Actually, this newfound joy might sound even stranger to those who remember Oswalt’s fiercely cathartic set addressing the 2016 death of his wife, writer and journalist Michelle McNamara, as detailed in his most recent stand-up special, 2017’s Annihilation. Since then, he has remarried, and rediscovered the joy of everyday living. After acknowledging that he had initially assumed he would “just exist” after McNamara’s death, he urges the audience—in the most earnest and emotional moment of I Love Everything—to seek out the best reason for living: “If you find love, run toward it.” And all of the jokes that surround that exhortation are suffused with that sense of uplift. Does it sap some of the vicious bite from his wit? Undeniably so. But it also makes it awfully hard not to like spending an hour with the comic; he’s gone from being the antisocial malcontent holding hilarious court at the end of the bar to the funny friend who makes you feel better just by being around. It’s a fair trade.
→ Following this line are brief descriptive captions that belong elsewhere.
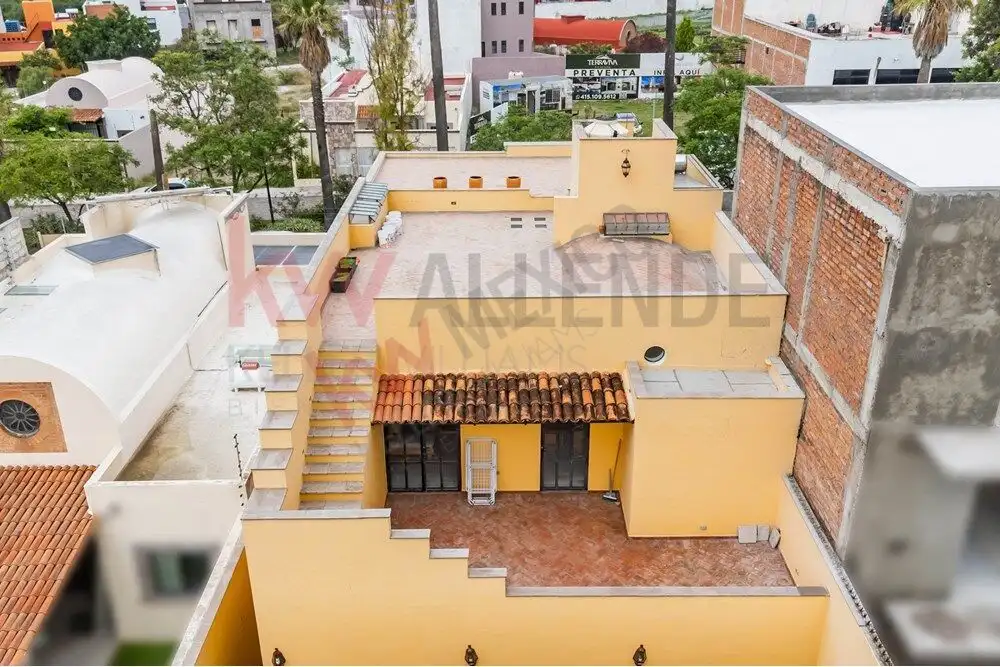 style rooftop terrace in San Miguel de Allende. Rooftop terrace of a colonial-style 4-bedroom home for sale on Avenida Paseo Real.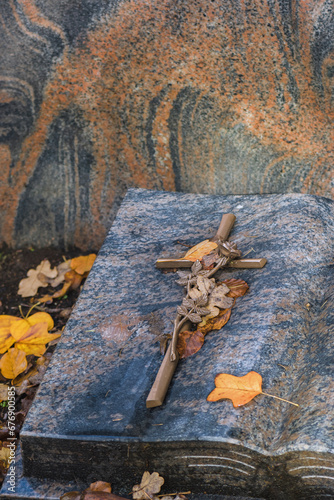 Prächtiger Herbst im Park, Natur in Marburg, Kreuz auf Grabstein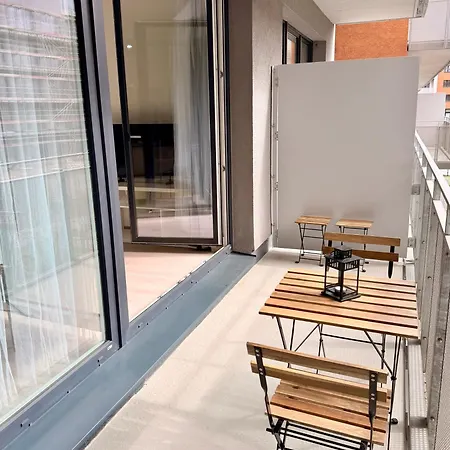 Adaro - Modern With Aircon Near O2 Arena Daire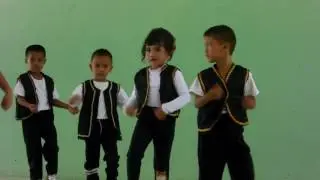 Raka - Tari Pinguin ;)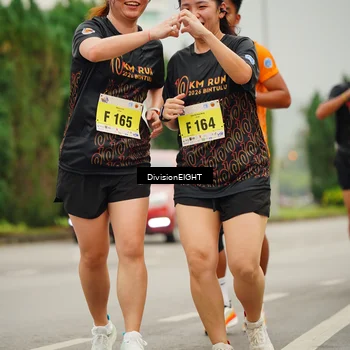 Runner Photo 8498272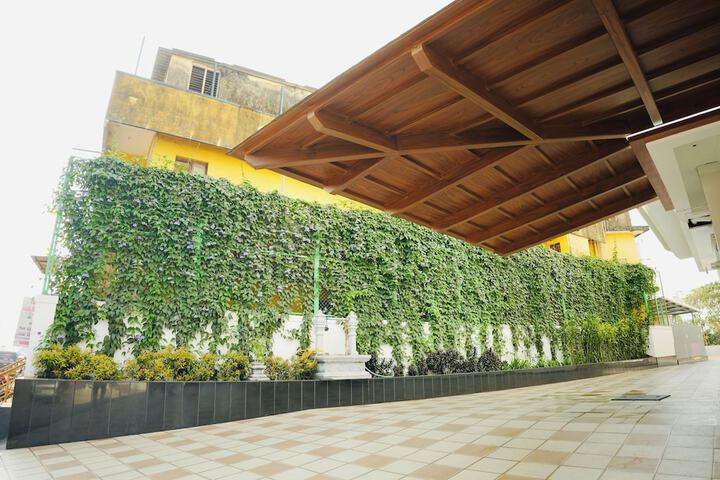 Hotel Exterior 87 of 94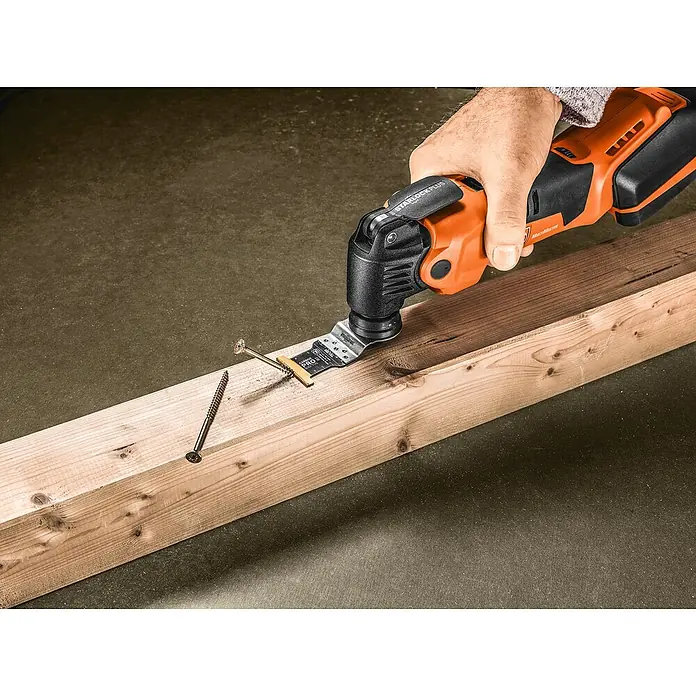 Fein Tauchsägeblatt E-Cut Carbide Pro - 3 Stk. - Bild einer oszillierenden Multitool-Säge von Fein, die einen Dübel und eine Schraube auf einem Holzbrett schneidet.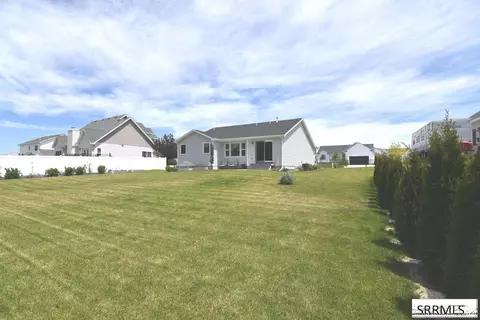 Exterior - 1324 Stone Dr, Rexburg, ID 83440 photo 5 of 7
I Love Everything, for all its easygoing charm, is still instantly recognizable as the work of Oswalt’s free-associative comedic persona. Whether riffing on how the blandly organic makers of his aforementioned breakfast must have begun (“Sorghum Farms was born outside a Phish concert in 1990…”) or inventing lengthy backstories for the tragic-looking characters on the kids’ menu at Denny’s, his penchant for following narrative curlicues down absurdist rabbit holes remains undimmed. But where the punchlines used to live in the outrage that seemed to continually simmer below the surface of every acid observation he made, now Oswalt’s humor is laced with a relatable world-weariness that comes from having been through the wringer, coming out the other side, and being confronted the fact that maybe it’s not worth getting so pissed off about the little things, no matter how irritating. This is comedy borne of fascination, not rage.
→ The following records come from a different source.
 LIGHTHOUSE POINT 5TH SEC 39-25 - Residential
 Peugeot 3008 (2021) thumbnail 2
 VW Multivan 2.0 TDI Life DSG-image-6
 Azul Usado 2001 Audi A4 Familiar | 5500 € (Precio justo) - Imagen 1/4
That’s not to say some things don’t still make him mad. But Oswalt largely passes by the Trump-shaped elephant in every room, pointing out the nigh-futility of joking about this administration by comparing it to an eighteen-wheeler full of monkeys and PCP that crashed into a train full of diarrhea. “And everybody’s watching it, like, ‘Holy shit, look at this!’ And then you as a comedian walk up and say, ‘Hey, wanna hear a joke I wrote about this?’” Instead, he saves his ire for things like having to miss the Hollywood premiere of Solo: A Star Wars Story, complete with a life-size recreation of the Millennium Falcon you could wander around in, because he had to attend his daughter’s second grade art show. Though even this gets shrugged off with the subsequent realization that his younger self would be fine with this trade-off, given it means he will have sex at some point in the future.
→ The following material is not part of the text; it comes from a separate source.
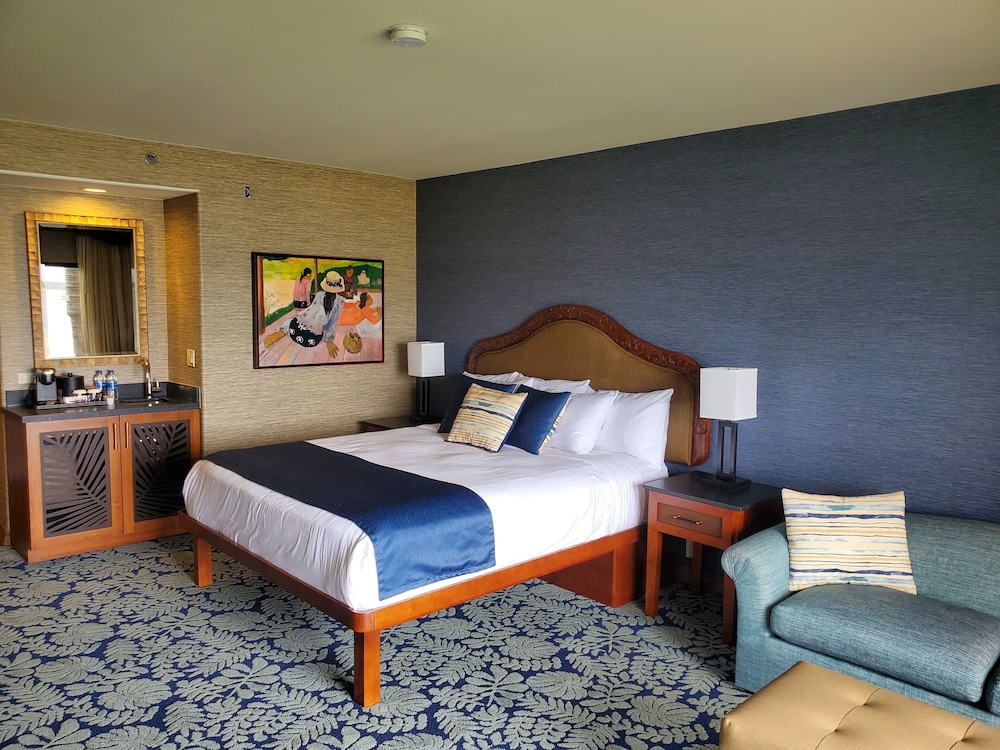 Catamaran Resort and Spa - photo 2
Oswalt ends it all with an epic thought experiment about the time he took his daughter to Denny’s as part of a “Daddy-Daughter Day,” a closing bit that demonstrates the comedian fusing together all the things he does best—unexpected wordplay, imaginative flights of referential fancy, and cutting assessments of humdrum corporate actions that might just be far more sinister than they appear. It’s funny, smart, and imaginative in all the right ways, with a generosity of spirit underlying the cutting nature of the humor. (That generosity extends to his fellow comedian Bob Rubin: Oswalt has attached the stand-up’s set to play right after his.) Patton Oswalt is changing into a different, more empathetic type of comedian, but for those willing to follow along on his new path, there are ample rewards.